John Koblin did his heroic best to explain What It All Means: The accelerating decline of Variety, the rise of celebrity Twitters; the enduring but increasingly preposterous hope of the Los Angeles Times, the swagger of self-made blog bigfoot Nikki Finke; the "clubby" world of pre-internet Tinseltown reporting, the ambitions of upstart blogger Sharon Waxm—
"Her site is getting no traffic and is inaccurate and boring..." Finke said.
OK, well, maybe we could get back to a constructive dialog about how the economic misfortunes of movie studios have maybe accelerated the decline of printed med...
[Variety's Brian] Lowry, in a blog post singling out [LA Times' Patrick] Goldstein, calls him lazy, petulant and a weak reporter. "Now you have this blog, ‘The Big Picture,' so I'm thrilled to see... you squeeze out more than 800 words a week," wrote Mr. Lowry.
Right.
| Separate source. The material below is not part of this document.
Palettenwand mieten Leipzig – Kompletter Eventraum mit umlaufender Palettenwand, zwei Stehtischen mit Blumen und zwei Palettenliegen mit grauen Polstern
We'll skip right over the discussion of economic viability amid the decimation of advertising revenue in the print-to-online transition, then, and just ask if anyone else want to hurl some fecal m...
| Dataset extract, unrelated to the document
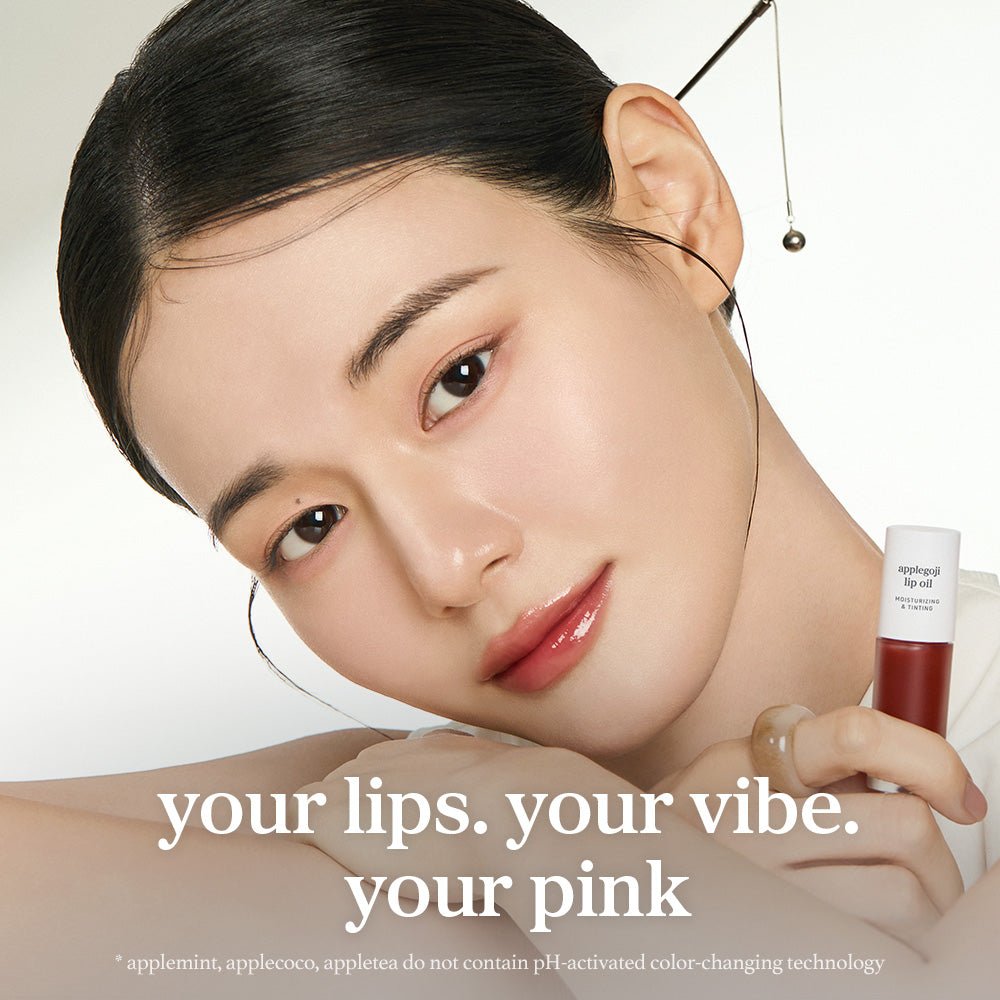 Model applying nooni applegoji lip oil with glossy lips and lip applicator close up.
"The way [Finke] twists things and the way she always manages to bend the facts-and I put facts in quotes-is in a way that suits her..." Ms. Waxman... added. "People around Hollywood are terrified of her."
Alright, fine, bottom line: In case the example of New York wasn't clear enough, Los Angeles media also illustrate how technology and fragmentation are reviving the old tradition of feuding. As longtime Variety kingpin Peter Bart explains to Koblin, we're going back to the 1930s, when Louella Parsons competed ruthlessly with former friend Hedda Hopper to dominate Hollywood gossip. Everyone is at one another's throats.
No, the Waxman-Finke rivalry isn't exactly hot news, but the point is that more of these little squabbles are erupting all the time, if only because there are so many would-be media alpha dogs in this period of flux, before the inevitable consolidations and shakeouts that make life boring again.
Seeking a final bit of illumination on that, we excitedly emailed Koblin's piece to a media source who quickly replied, "I thought only Hollywood bloggers cared about feuds created entirely to bait traffic, but I totally forgot about the New York Observer!"
Then again, what did we expect? Welcome to the future. It's kinda bitchy!